Agadah di Alberto Rondalli – una occasione mancata

Nelle sale italiane dal 16 novembre, Agadah è l’ultimo lungometraggio diretto da Alberto Rondalli e tratto dal celebre Manoscritto trovato a Saragozza di Jan Potoki.

Siamo nel maggio del 1734. Alfonso van Worden, giovane ufficiale Vallone al servizio di Re Carlo, ha ricevuto l’ordine di raggiungere il suo reggimento a Napoli. Durante il viaggio, nonostante il suo servitore Lopez cerchi di dissuaderlo dall’attraversare l’altopiano delle Murgie poiché infestato da spettri e demoni, il giovane Alfonso decide di mettersi ugualmente in cammino. Ed ecco che, nell’arco di dieci giornate, vivendo di volta in volta situazioni a metà tra sogno e realtà, tra reale e fiabesco, il ragazzo compirà una sorta di percorso iniziatico, al termine del quale non avrà mai la certezza se ciò che ha vissuto sia stato, appunto, un sogno o meno.

Per i temi trattati e la struttura che, al di là di quanto inizialmente possa sembrare, di lineare ha ben poco, questo lavoro di Alberto Rondalli risulta di non facile lettura e piuttosto stratificato: se da un lato abbiamo il sogno e la fiaba, dall’altro c’è la storia, così come i fatti si sono svolti (non dimentichiamo che la vicenda è ambientata all’indomani della Battaglia di Bitonto). E la cosa in sé è anche piuttosto interessante. Peccato, però, che, proprio per quanto riguarda la realizzazione, il regista si sia lasciato prendere eccessivamente la mano con repentini cambi di scena e di ambientazione, con un susseguirsi eccessivamente confusionario di personaggi e con un andamento narrativo che, a tratti, avrebbe necessitato anche di qualche attimo di respiro.
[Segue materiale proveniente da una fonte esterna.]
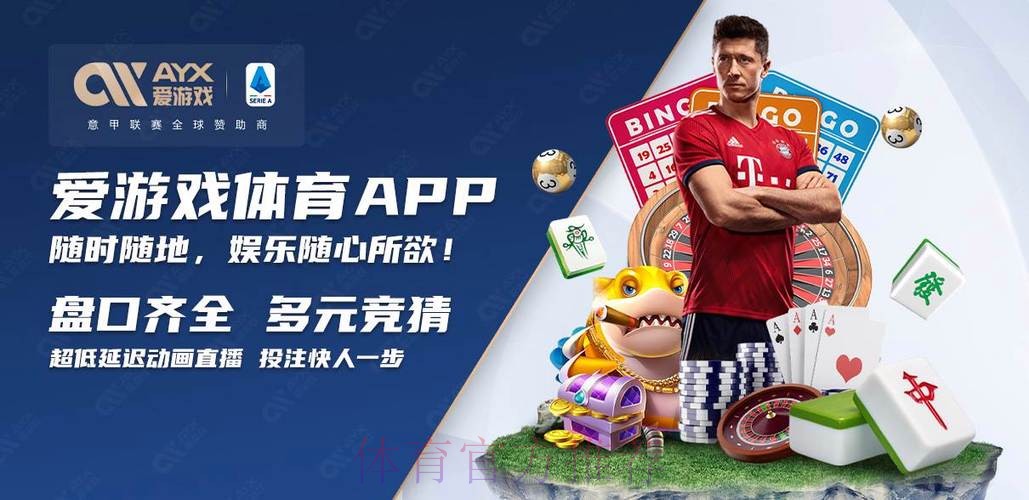 2026世界杯买球免费入口地址
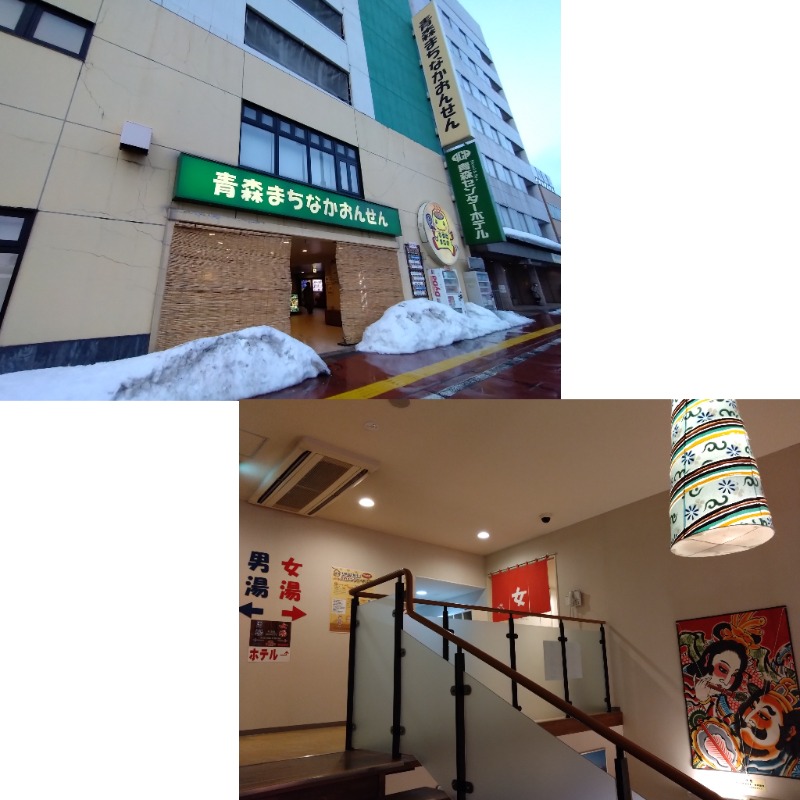 温泉登山トラベラーさんのまちなか温泉青森センターホテルのサ活写真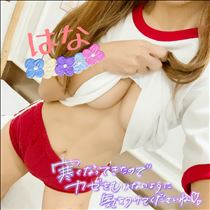 はな・温かく過ごしてね(๑'ڡ'๑)୨♡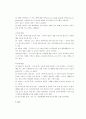광고 매체 조사 9페이지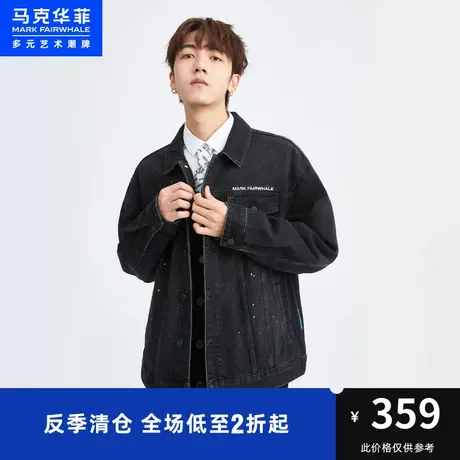 马克华菲鲸鱼链条绣泼墨印花牛仔夹克男秋季新款时尚潮流街头商品大图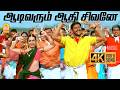Aadivarum Aadhi Sivane 4K Video Song ஆடிவரும் ஆதி சிவனே Joot Srikant
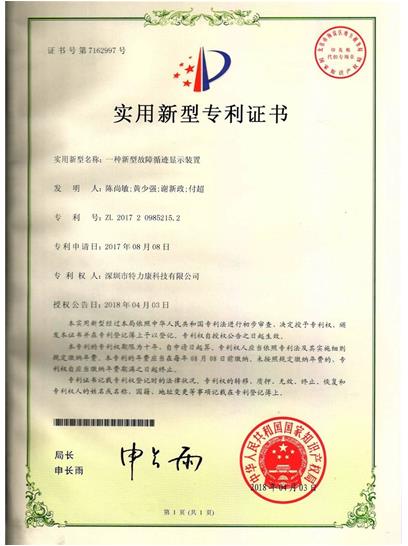 一种新型故障循迹显示装置认证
Detto questo, particolarmente interessanti e ben riuscite sono proprio le ambientazioni e gli effetti speciali (piuttosto interessante, ad esempio, la realizzazione di alcuni scheletri viventi, per i quali sono stati adoperati dei veri scheletri opportunamente scenografati). Fattori, questi, sempre a rischio, quando si tratta di realizzare un film in costume e non si dispone di un grosso budget. In questo caso, però, notiamo con piacere che il problema è stato brillantemente arginato.
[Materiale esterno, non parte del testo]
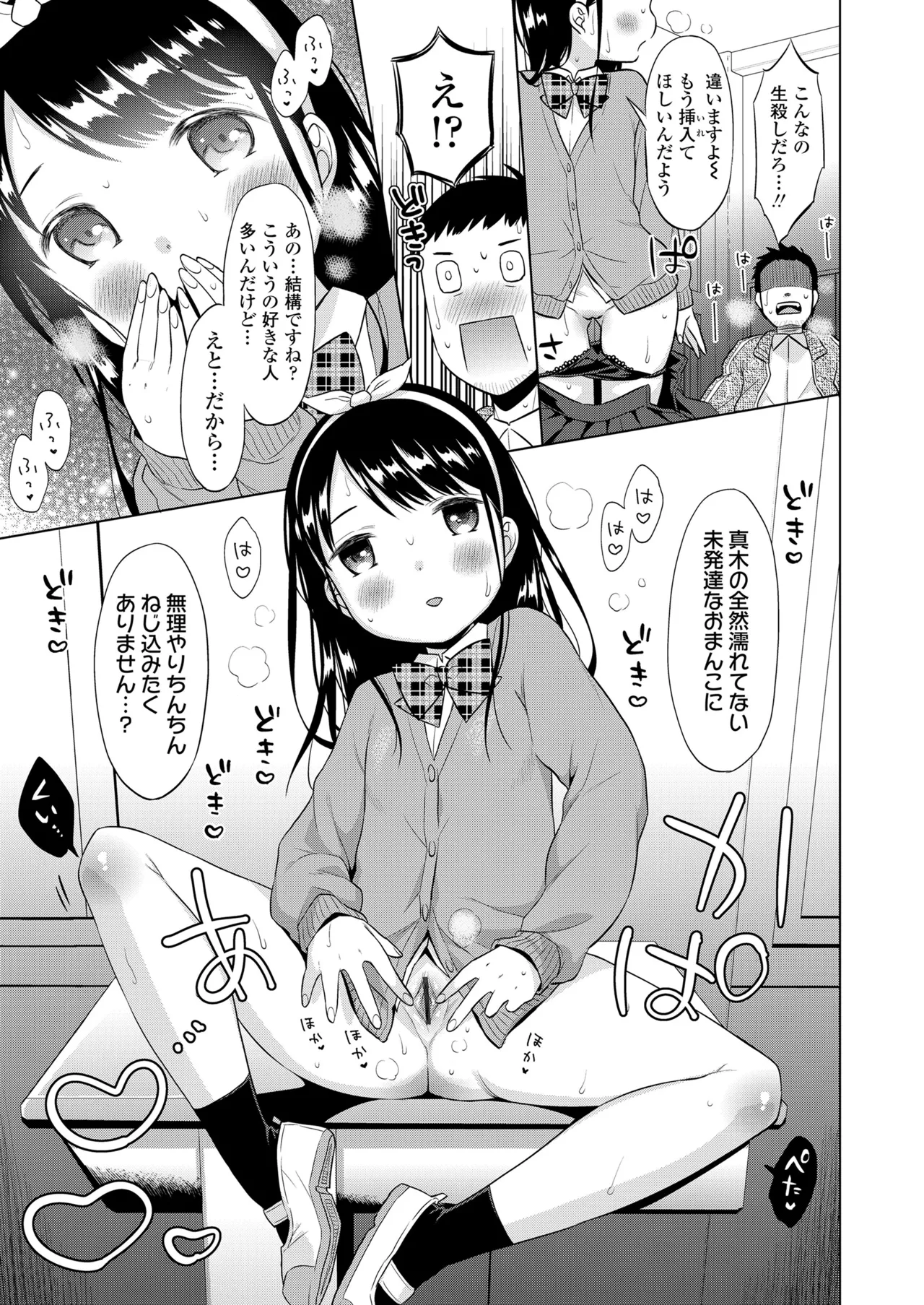 ハメたらもっとかわいいよ◇ 79ページ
Peccato, dunque, che un lungometraggio come Agadah non sempre sia riuscito a centrare l’obiettivo. Magari, evitando il “troppo” si sarebbe potuto dar vita ad una vera e propria chicca all’interno del panorama italiano contemporaneo. Che dire? Attenderemo fiduciosi nuovi lavori da parte dell’autore. Vediamo, le prossime volte, in che modo riuscirà a stupirci.